Le Rassemblement national est un parti qui a été banalisé en 20 ans. A quel point ? Pour le voir, comparons deux époques.
Le 21 avril 2002, d'abord. Ce jour-là, les mots manquent aux journalistes et analystes de la vie politique française. C'est une énorme surprise, une onde de choc : Jean-Marie Le Pen, candidat Front National, déjoue les pronostics et se qualifie pour le 2nd tour de la présidentielle. C’est une première pour le parti d'extrême-droite. Partout en France, plus d’un million de personnes manifestent alors pour dire « non » au FN. Place de la Bastille, à Paris, ce manifestant s'insurge, le 22 avril 2002 : « Je suis petit-fils de déporté et je ne peux pas supporter l’idée qu’un mec comme Le Pen puisse arriver un jour au pouvoir. »

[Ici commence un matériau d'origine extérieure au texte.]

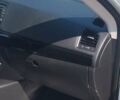 Белый Мазда СХ-5, объемом двигателя 2.19 л и пробегом 165 тыс. км за 14500 $, фото 11 на Automoto.ua
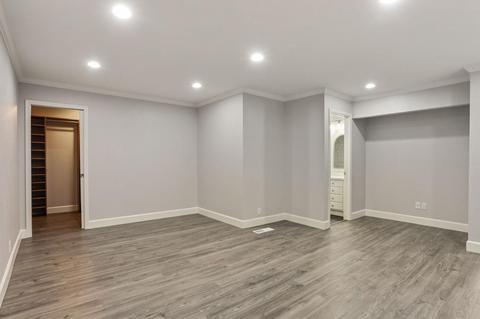 1567 Mccoy Ave, Campbell, CA 95008 photo 17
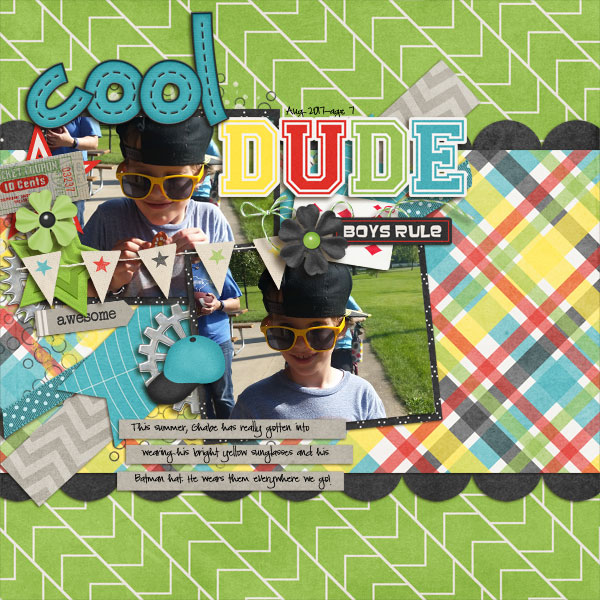 cap_ittakestwotemps13-hey-dude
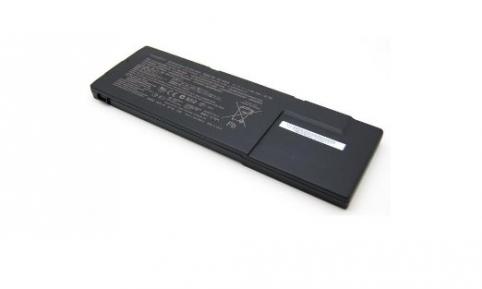 Battery laptop sony vaio svs1311f3e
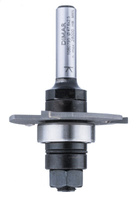 Dimar GT Frez piłkowy rowkujący D=47.6 B=2.5 Z=3 t=12 d=8 1080795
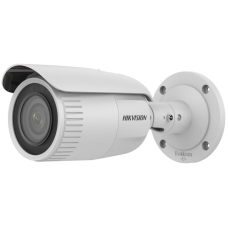 კამერა,IP,Hikvision,DS-2CD1643G2-IZ,2.8-12mm,4mp,Bullet,IR50m,MVFL,Micro SD
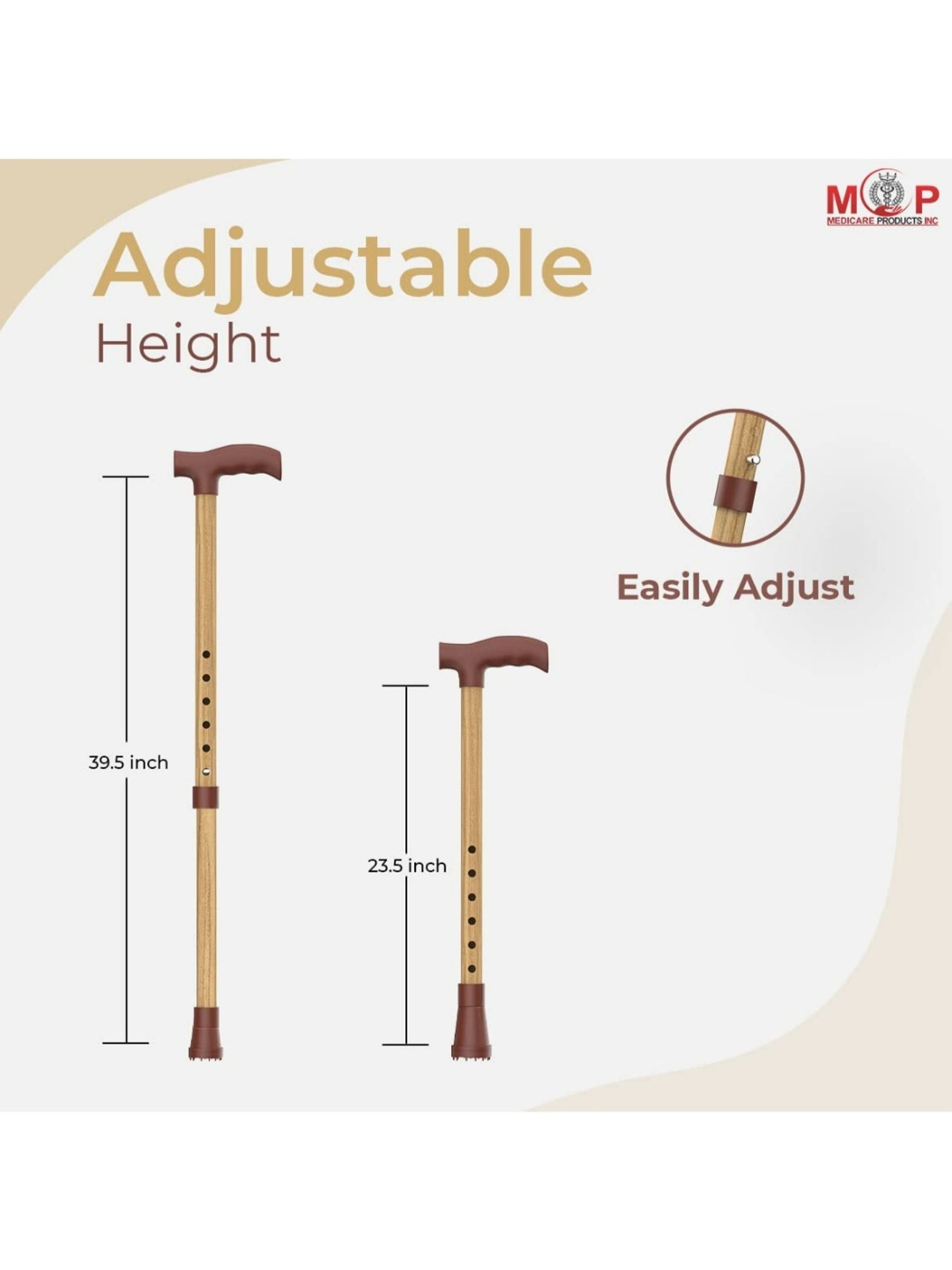 Rossmax EB100 Stethoscope (Black)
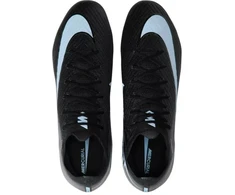 Nike Zoom Mercurial Vapor 16 Elite SG-PRO FQ8688 001 Futbolo bateliai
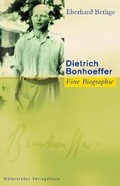 Cover: Dietrich Bonhoeffer - G&uuml;tersloher Verlagshaus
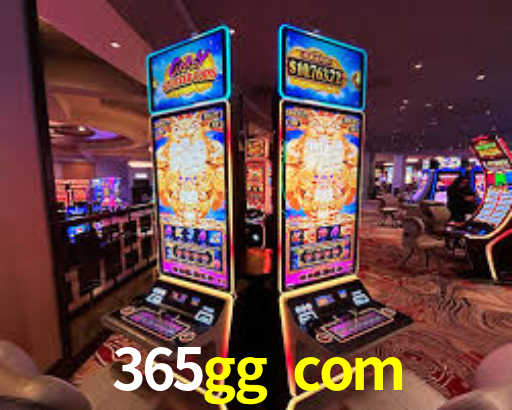 Apostas esportivas da 365gg com com odds competitivas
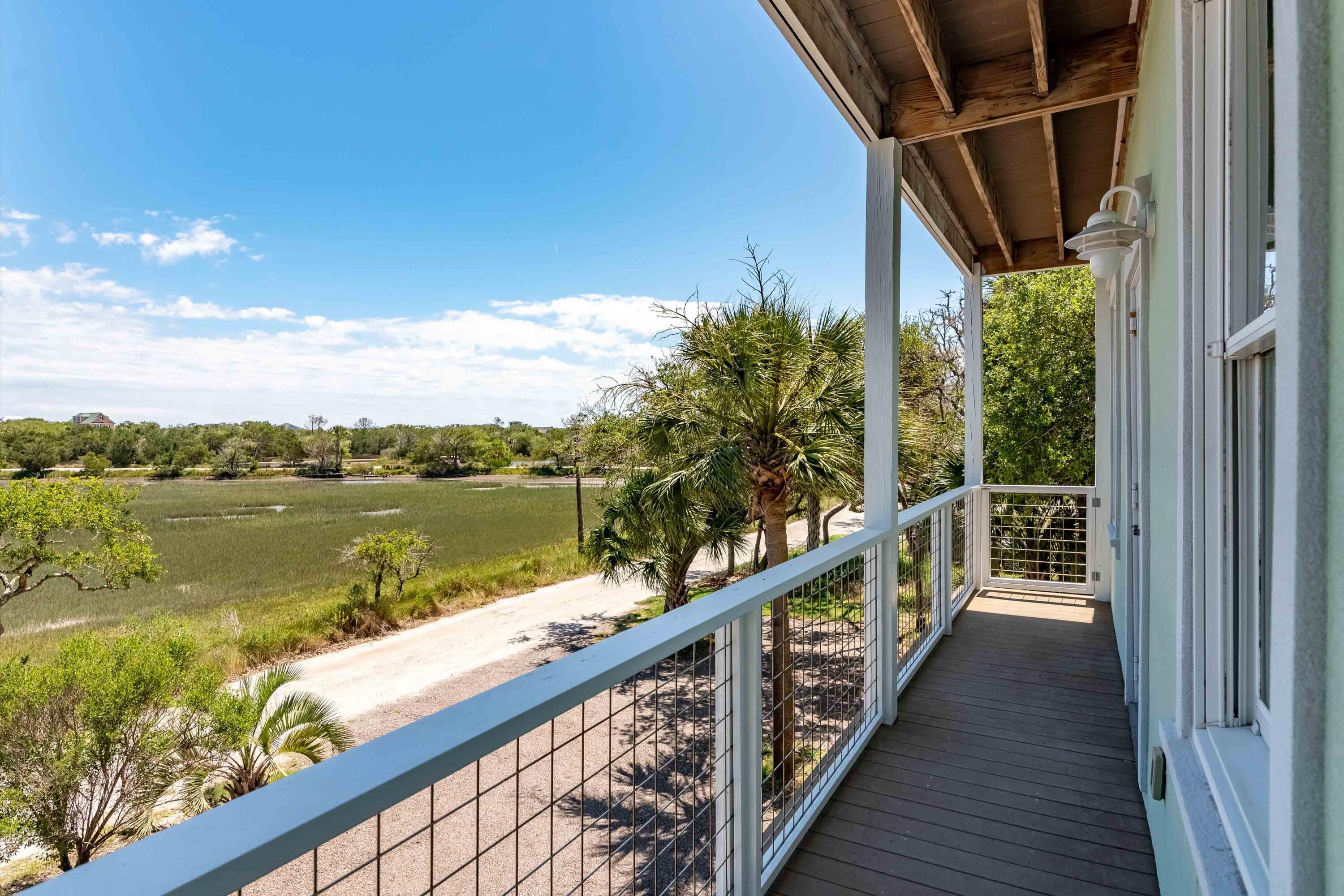 7674 Legare Road Edisto Island, SC 29438 - Photo 37 of 70 Additional Photo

Quinze ans plus tard, en 2017, le Front national est une nouvelle fois au second tour d’une présidentielle. Mais cette fois, pas de front républicain dans la rue. Les manifestations n’ont rien à voir avec 2002. Et Marine Le Pen n’est pas la seule candidate visée, comme en atteste le slogan « Ni Le Pen, ni Macron ! » et le témoignage d'une manifestante lors d'un cortège, le 30 avril 2017 : « Que ce soit Le Pen ou Macron, et un peu aussi contre le système capitaliste qui ne nous convient pas du tout. »

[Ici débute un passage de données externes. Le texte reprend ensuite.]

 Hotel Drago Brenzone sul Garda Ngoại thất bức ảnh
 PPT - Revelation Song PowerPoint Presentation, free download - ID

Autre élément de comparaison : les unes des journaux. En 2002, le quotidien Libération titrait un grand NON au lendemain du 1er tour en 2002. Le même journal, au lendemain du 1er tour en 2007, affiche la photographie d'Emmanuel Macron avec ce titre : « A une marche. » La tonalité n’est plus la même. Pareil pour Le Figaro. En 2002, le quotidien titrait de façon forte, « Le séisme ». En 2017, le choc a déserté la une du quotidien avec ces trois mots : « La droite KO ».
Dédiabolisation
Mais alors comment le Rassemblement national s’est-il banalisé en 20 ans ? C’est le résultat de l’opération de dédiabolisation menée par Marine Le Pen. En 2011, elle accède à la tête du FN. Un changement bienvenu selon ce sympathisant, interviewé le 16 janvier 2011 : « Elle est beaucoup plus moderne [que son père, NDLR]. C’est une nouvelle génération. Ce sont des idées présentées différemment. » Marine Le Pen veut rompre avec l’image de son père. En 2017, pour la campagne présidentielle, elle change de logo. Le nom de Le Pen a disparu, seul son prénom est visible. Autre élément de communication, c'en est fini de la flamme du Front national : place à une rose bleue sans épines.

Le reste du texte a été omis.